Folha de S. Paulo
Desde já a vitória de Boric mostra que
outra esquerda é possível
O discurso de Gabriel Boric,
tão logo as urnas o transformaram no 66º presidente do Chile, é bem mais do que
uma bela peça de retórica política. Traz um cardápio completo e coerente de
compromissos de uma esquerda sintonizada com o mundo. Além disso, é inédito por
estas bandas, dada a forma como une, em pé de igualdade, a defesa do ambiente,
o reconhecimento de direitos de grupos identitários e a promessa de políticas
de proteção social que desde sempre caracterizaram a social-democracia.
Aos 35 anos, o jovem presidente eleito foi bem claro ao falar de um Chile verde frente às ameaças trazidas pela crise climática; do papel político das mulheres e de seu direito ao próprio corpo; do combate à violência e à discriminação contra minorias; do apreço pela riqueza cultural dos povos originários, do compromisso com a garantia dos direitos humanos; e da importância da segurança cidadã e da luta contra o narcotráfico.
Apontou na direção de uma mudança
estrutural assentada em crescimento e na reforma das políticas sociais
universais que alicerçam qualquer sistema de bem-estar que mereça esse nome
—saúde e educação públicas, sistema universal e equitativo de aposentadorias.
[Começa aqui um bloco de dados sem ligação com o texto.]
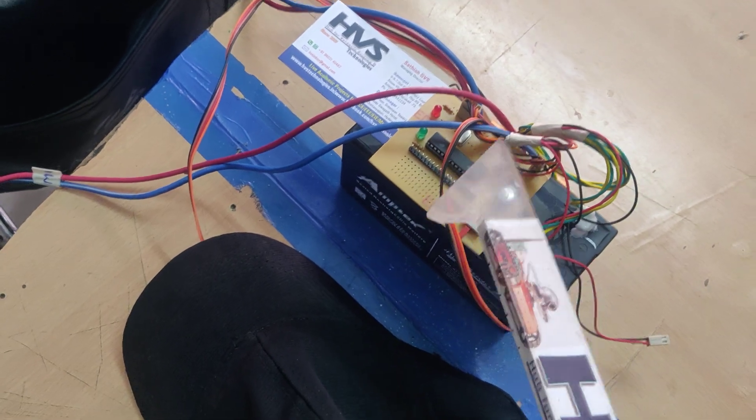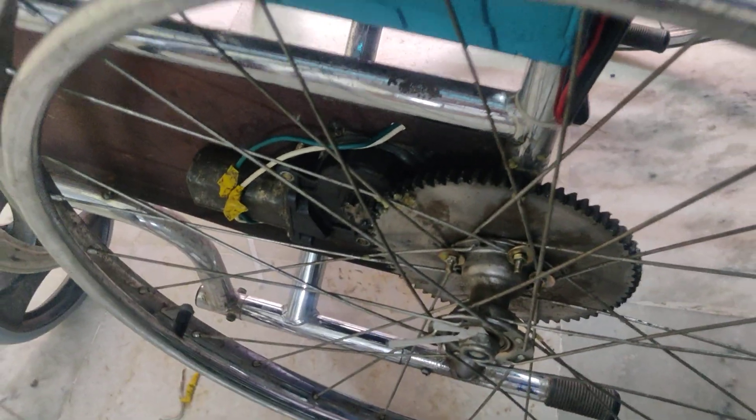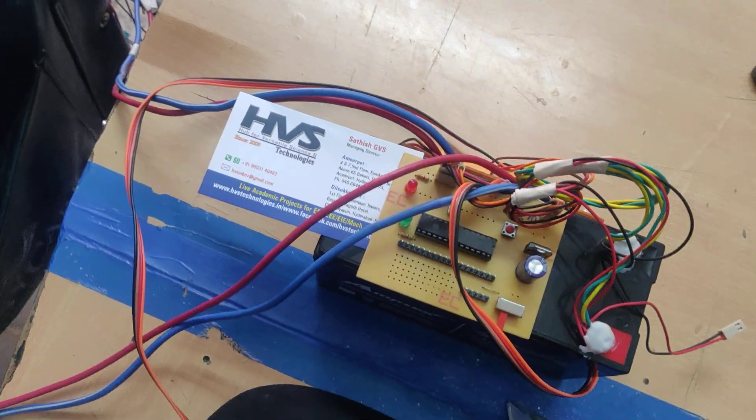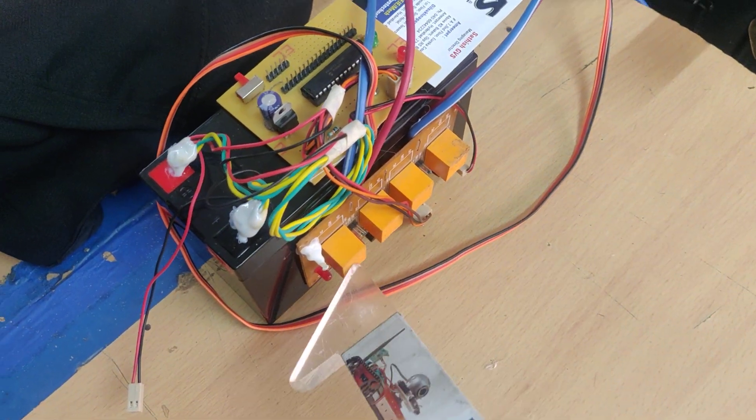Based on the input signals, we are going to control two DC motors which are attached to the wheelchair with gears. The signal is given to the DC motors through a four-relay board, where two relays control one DC motor and the other two relays control the second DC motor.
Cravou o compromisso com a responsabilidade fiscal, sem o que, bem sabem os brasileiros,
os avanços se desfazem ao primeiro abalo da economia.
Afirmou ainda a convicção de que, na
democracia representativa, os eleitos não podem deixar de "governar com os
pés na rua" e dialogar com a sociedade organizada. Finalmente,
reconhecendo que o porte da transformação proposta requer convergência
política, se declarou pronto a interagir com seus adversários.
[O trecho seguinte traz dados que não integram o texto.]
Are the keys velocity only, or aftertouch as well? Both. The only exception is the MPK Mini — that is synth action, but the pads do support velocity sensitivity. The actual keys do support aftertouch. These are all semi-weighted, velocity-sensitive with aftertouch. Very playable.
"Se a campanha [eleitoral] deve ser
sempre em poesia, o governo é inevitavelmente em prosa", observou o
analista político chileno Patricio Navia, antecipando as dificuldades que Boric enfrentará para
traduzir suas ideias em iniciativas concretas. Começando por conseguir que o
pulverizado sistema de partidos de seu país assegure ao governo maiorias
estáveis de modo a fazer da energia social que nos últimos anos tomou as
alamedas de Santiago uma força transformadora das instituições, sob regras
democráticas.
Mas desde já a vitória de Boric mostra que
outra esquerda é possível: comprometida com a justiça climática, o respeito aos
direitos de todos, a começar dos diferentes, com políticas sociais
redistributivas ancoradas na moderação fiscal, com a busca de consensos e a
consideração pelas posições políticas alheias.
Entro em férias por duas semanas, esperando
que os ventos da renovação soprem também aqui em 2022.
*Professora titular aposentada de ciência
política da USP e pesquisadora do Cebrap.